Giustizia

Regole che non regolano

Regole che non regolano

Roberto Cota è stato liberamente, democraticamente e regolarmente eletto dai piemontesi. La notizia non è proprio freschissima, perché risale alle elezioni regionali, ma oggi riprende vigore visto che il Consiglio di Stato ha sospeso gli effetti della sentenza del Tribunale Amministrativo Regionale di Torino, che aveva disposto il riconteggio delle schede, annullandone molte e mettendo in forse il risultato già noto. C’è il lieto fine, dunque? No, perché non è lieto e non è neanche la fine.

E’ sospeso l’effetto, ma non cancellata la sentenza stessa. Visto che la decisione del Consiglio di Stato è stata presa nel merito, sembra evidente che l’esito sarà ulteriormente favorevole all’attuale presidente del Piemonte, e all’onestà delle elezioni. Si deve aspettare un ulteriore passaggio. Quel giorno ci sarà la parola “fine”, ma ugualmente non sarà lieta. Per due ordini di ragioni: generali e politiche.

Le ragioni generali sono evidenti: ma come si fa a vivere in un sistema in cui un tribunale t’impone di fare una cosa e, mentre la fai, un altro ti fa sapere che non avresti dovuto neanche iniziare. I pervertiti diranno che questo dimostra il funzionamento della giustizia e l’indipendenza dei vari giudici. E’ una visione ottimistica della vita. Si può leggerla in modo diverso: nulla è più aleatorio della certezza del diritto. Restiamo al caso specifico: se il Consiglio di Stato stabilirà, nel merito, che le due liste contestate erano regolari e i loro voti in nessun caso esclusi, ne deriverebbe che i giudici del Tar non sono dei liberi pensatori che hanno applicato diversamente il loro senso critico, ma dei somari.

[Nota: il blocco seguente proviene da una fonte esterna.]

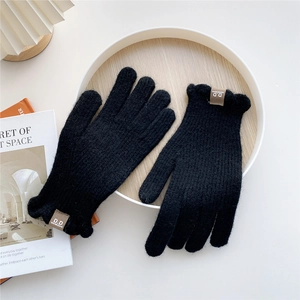 Close-up of thick black knitted gloves with wavy cuffs and premium brown leather label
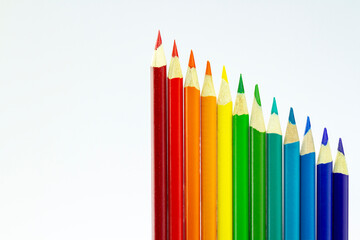 Colorful rainbow arrangement of sharpened pencils against a white background. Pride Celebration.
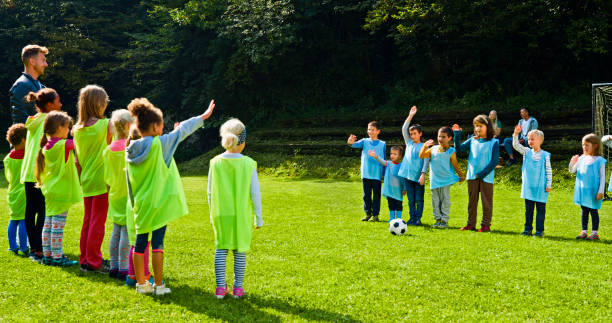 istock Children waving to opposite team before match 1329834858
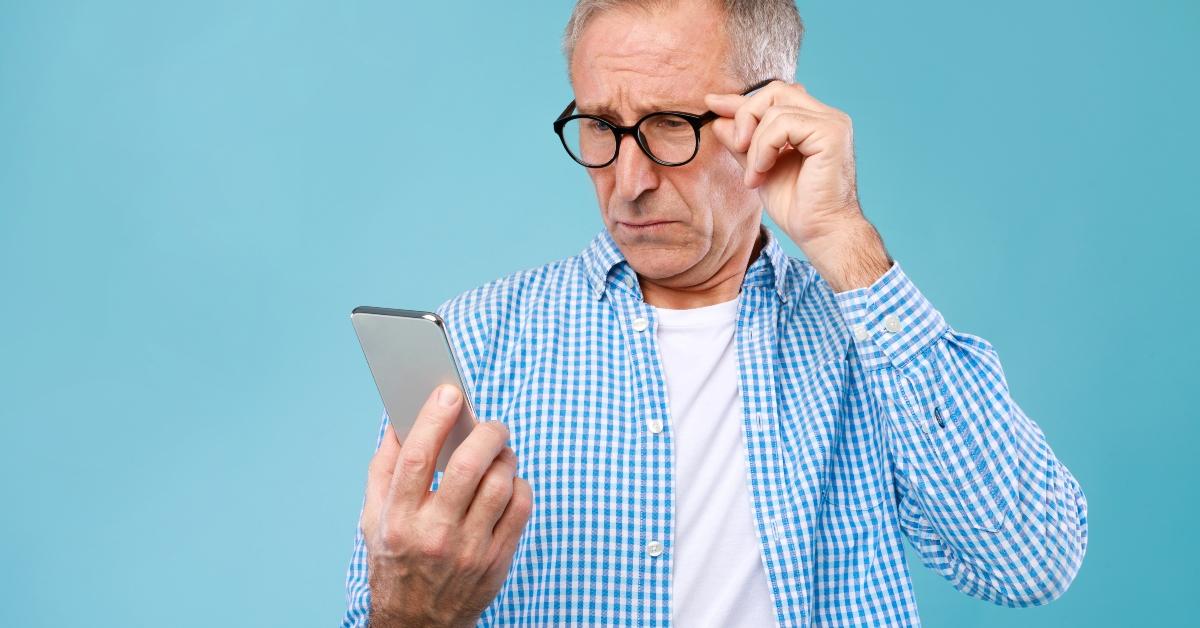 Mature man squinting using mobile phone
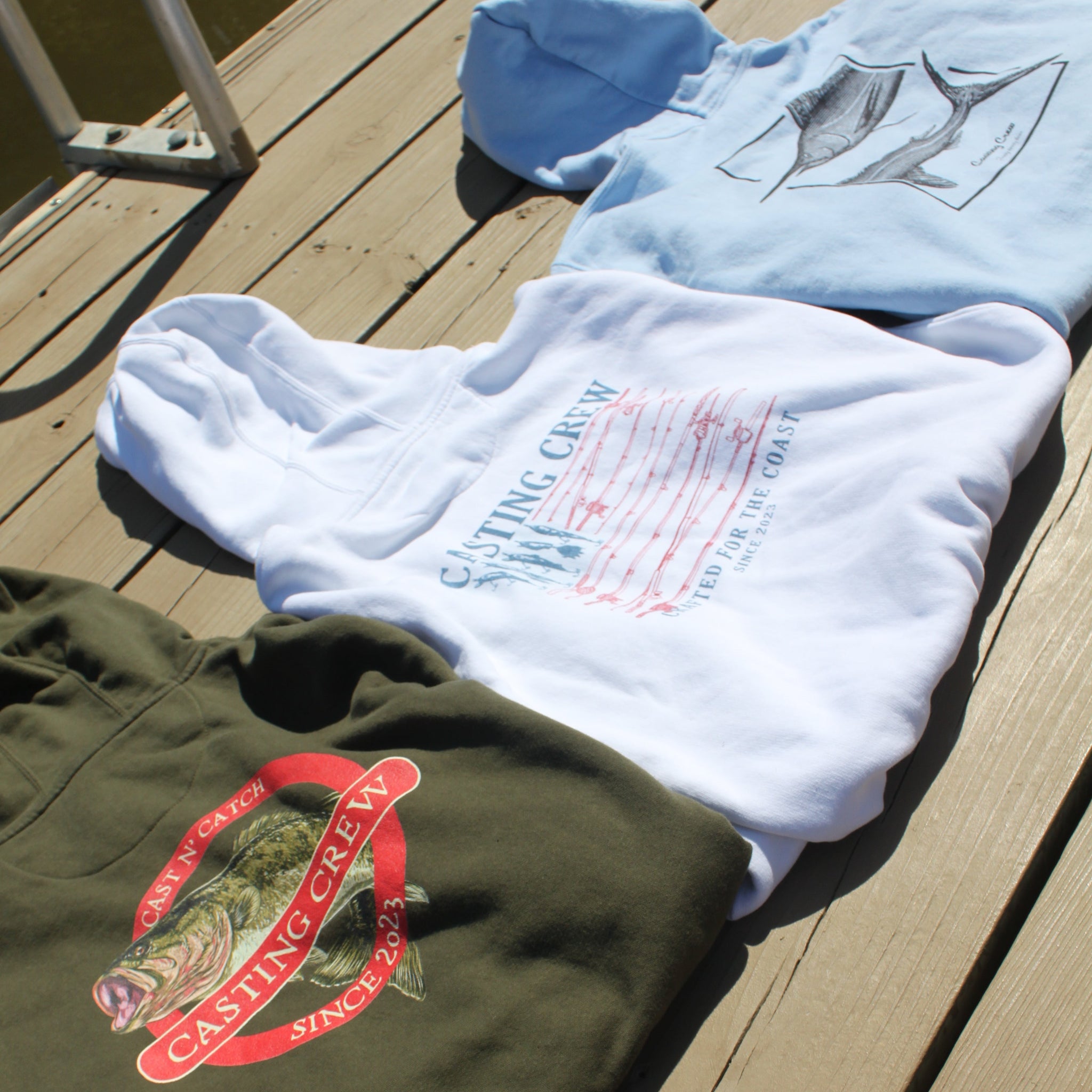 Two t-shirts with 'Casting Crew' logo on a wooden surface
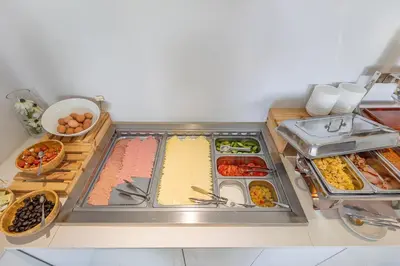 a kitchen counter with many different types of food at Bellini Hotel in Ayia Napa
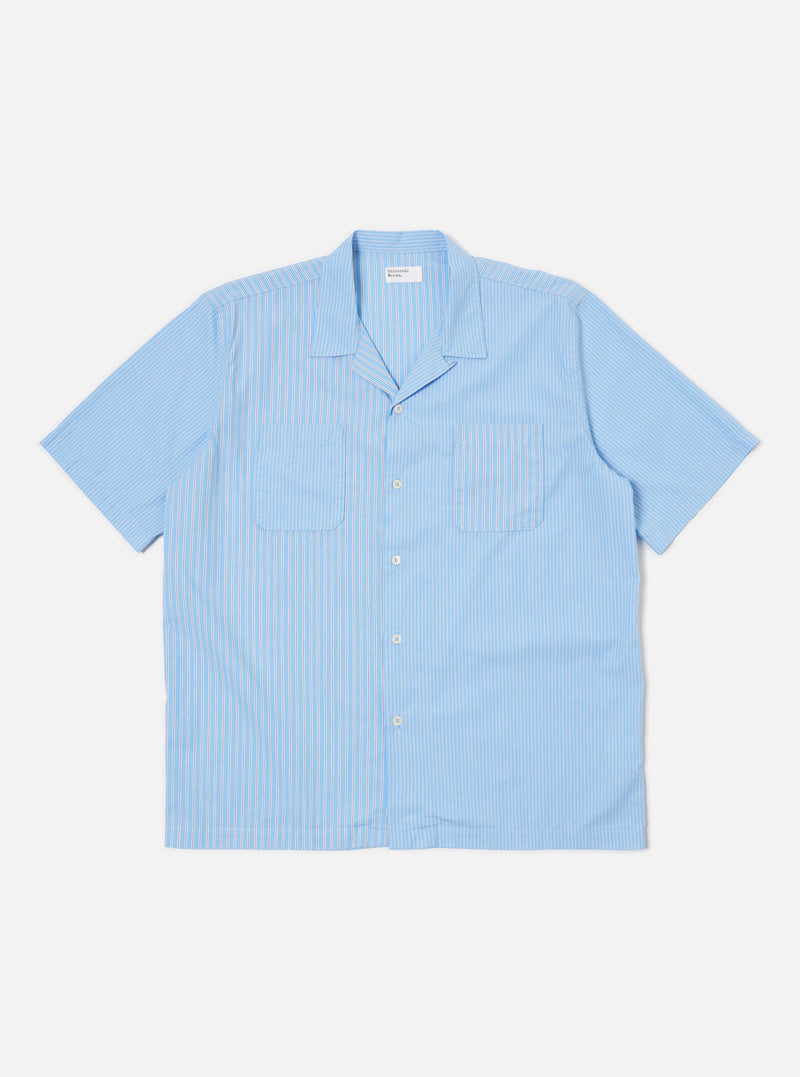 The Blue Vila Stripes Sal Road Shirt, a light blue and white striped short-sleeve shirt with two chest pockets, is laid flat on a white background.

Che continueranno ad esercitare la loro arte.

Vi racconto una cosa. Quando l’ho saputa sono rimasto a bocca aperta: ai giudici di primo grado, che redigono una sentenza, non viene mai notificato se in secondo grado o in cassazione quella stessa sentenza viene annullata, magari con motivazioni che stabiliscono quanto sono incapaci. Se sono persone diligenti vanno a cercarsela da soli (ma se sono diligenti sono anche bravi, o, almeno, bravini), altrimenti: ciccia. Come fa a funzionare una macchina in cui se uno è bestia e altri lo stabiliscono nessuno glielo dice? Infatti, non funziona.

La faccenda, lo scrivevamo giusto ieri, non riguarda solo la politica, ma tutto intero il sistema produttivo. Se fai una gara, oggi, puoi star sicuro che continua al Tar. E se le sentenze si contraddicono fra loro il sistema s’impantana. Se la matassa si dipana dopo troppo tempo, il sistema si ferma. Il rischio imprenditoriale relativo al non funzionamento della giustizia è, oggi, talmente alto che lo affrontano a cuor leggero giusto i delinquenti.

Poi c’è l’aspetto schiettamente politico: questa gente ricorre a cuor leggero perché non è in grado di valutare il danno arrecato alla credibilità delle istituzioni. La democrazia si regge anche sulla fiducia, mentre l’idea che sia tutto un broglio e un imbroglio nuoce seriamente alla sua salute. Capisco che stiamo parlando di due universi diversi, ma, nel 1953, Alcide De Gasperi non chiese il riconteggio delle schede, che quasi certamente avrebbero fatto scattare il premio di maggioranza, perché lo riteneva pericoloso per l’Italia. Capite? Era conveniente per lui e per il suo partito, ma sarebbe stato pericoloso per l’Italia. E non lo fece. Il che non lo mise al riparo da attacchi furibondi di quegli stessi che oggi ne parlano come di uno statista.

Quando esisteva la politica esisteva anche l’interesse del Paese. Ma nell’Italia delle mezze cartucce c’è solo il ricorso per ottenere la propria ragione. Come in un condominio rissoso e misero.